Small poultry producers yield $850m

13 Sep, 2019 - 00:09 0 Views

eBusiness Weekly

Tawanda Musarurwa

Poultry producer, Irvines Zimbabwe, says significant benefits can be accrued by fully capacitating rural-communal small-scale poultry producers across the country.

The company says it sees scope for rural small-scale farmer centric value chain development in poultry and how this can boost broad economic growth.

Irvines Zimbabwe chief executive David John Irvines, has roughly estimated that the small-scale poultry producers could currently be earning around $850 million a year from their projects.

Irvine Zimbabwe currently produces over 1,5 million day-old chicks per week across Zimbabwe, Mozambique and Botswana. And the company invests in training programmes to foster entrepreneurship in communal areas.

“In the last four years we have spent around US$4 million in developing rural agriculture. We have a vibrant private sector in this country and we must make use of it.

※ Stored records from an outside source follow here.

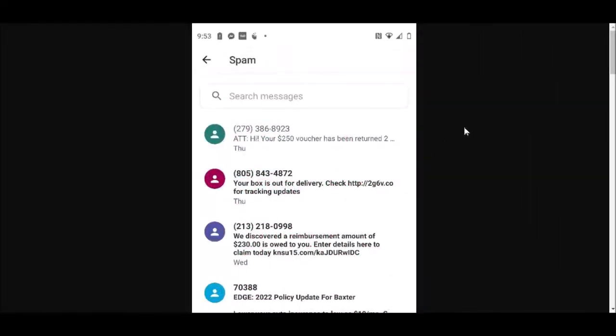All right guys, I started doing these offers on offer walls like Lootably and Offer Toro - all kinds of surveys, downloading apps on my Android, and purchasing subscriptions to certain things for a preset reward amount. But let me show you what's happened ever since I've started doing those surveys. This is what's come up on my phone every day.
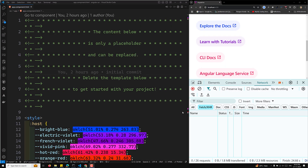Hi guys, everyone welcome back to my channel Leela Web Dev. In today's video we will dive into a very powerful feature in Angular 19 — HTTP client caching during server side rendering. We will explore what HTTP client caching is, how it works in SSR and browser environments, and how to configure it using provideClientHydration. I'll also show you a simple working example of implementing and customizing this feature.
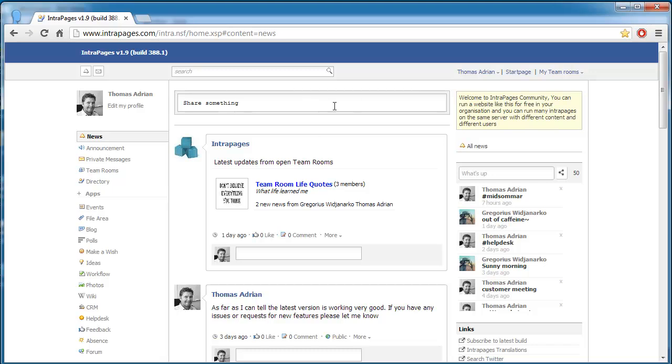Okay, so this works a bit like Facebook. This is a news stream that is the same for everyone. Facebook doesn't work like that. All streams are personal, but in intrapages this stream is the same for everyone.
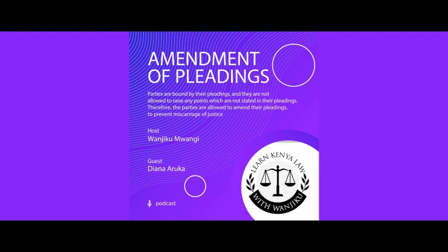Under Order 8, Rule 7, it gives guidance on how you can strike out and how you can underline a particular paragraph. It states that all amendments shall be shown by striking out in red ink all deleted words — but in such a manner as to leave them legible — and by underlining in red ink all added words. So striking out means you delete the words or even the paragraph, and underlining represents the added words or even a paragraph.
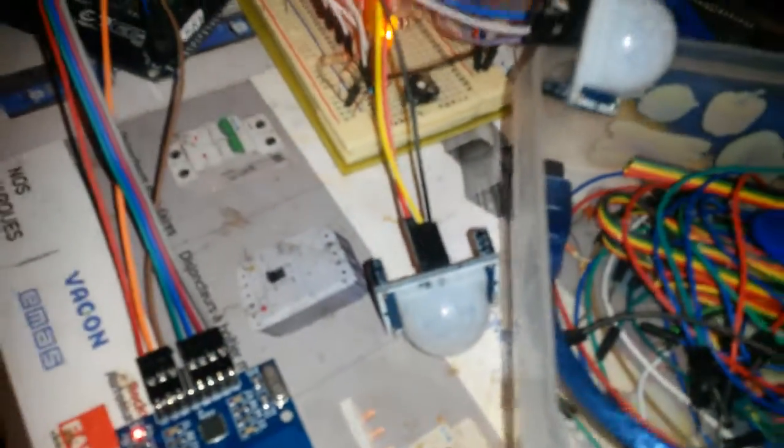We have a Bluetooth module that we are going to communicate with via an Android app, and we have some sensors. First, we got these two sensors—these are what's called the PIR sensors. They detect motion.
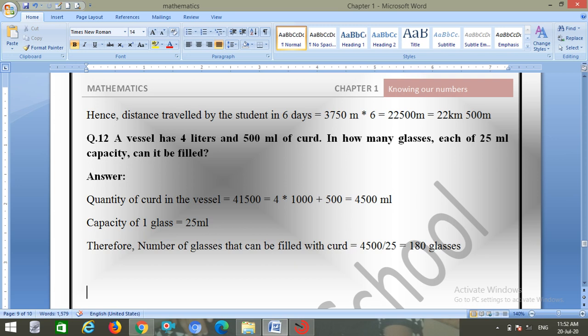Question number twelve: a vessel has 4 liters and 500 ml of curd. In how many glasses of 25 ml capacity can it be filled? Quantity of curd is 4 into 1000 plus 500 equals 4500 ml. Number of glasses equals 4500 divided by 25 equals 180 glasses.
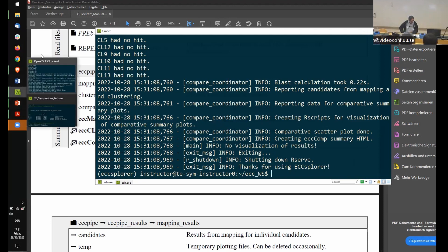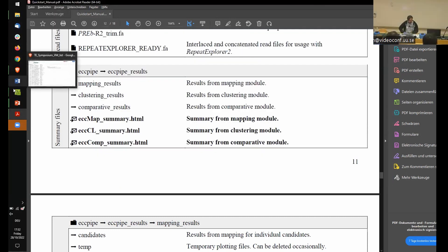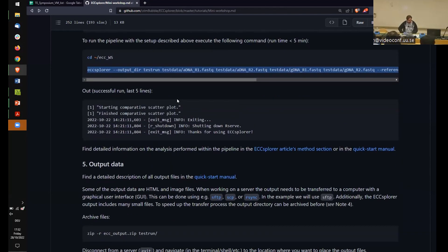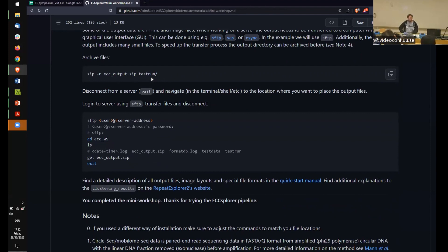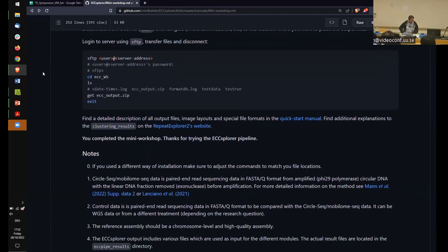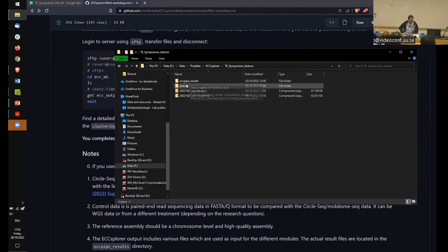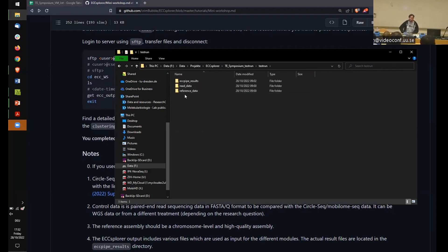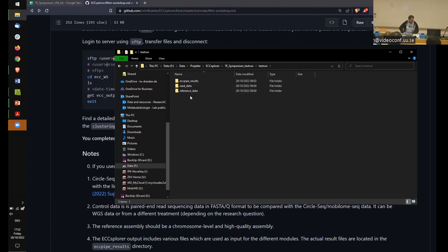The next step is to get the data back from the server — I'll briefly mention this since the VMs won't be available much longer after the meeting. You can zip your 'test_run' folder and transfer it via SFTP to look at the results on your own machine. The test run will have three folders: input data (read data and reference data), which is stored so you know exactly what went into the pipeline — though you can usually delete it.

“We are selling 500 000 day-old chicks a week to small producers; we are training over 25 000 people per year.

“These people are getting world-class results, 5 percent mortality in about five to six weeks, which is comparable to what Irvines or the big guys down in South Africa are getting. We have got these people trained and they are doing exceptionally well,” said Irvines at the launch of the Ease of Doing Business Reform Programme 2019–2020 recently.

“We have estimated that a family buying 100 day-old chicks every cycle (about every seven weeks) will earn $11 000 a year, and if you add it all together, with that 500 000 a week, income from the rural areas can reach $850 million a year, and I would suggest that it is probably higher than income from maize in some of these areas.

“And if we add Command Agriculture and contract growing to this, rural income from poultry production could rise to over $1 billion. This is big business.”

It is estimated that small-scale farmers constitute the large production base of the Zimbabwe poultry industry, but these are largely located mainly in peri-urban areas, around town community markets.

National broiler meat production declined to 7 546 tonnes, in the third quarter of 2017 after an outbreak of AI. This increase was driven mainly by the (largely peri-urban) small holder which almost doubled its production of broiler meat (from 4 715t to 8 163t) during this
period.

During the course of last year, broiler meat production in the country began hitting record production levels, with monthly averages of around 11 600t per month during the second quarter of 2018.

“Command Poultry”, which was launched last year under the Command Livestock initiative, is expected to extend the small-scale poultry business to the rural-communal areas.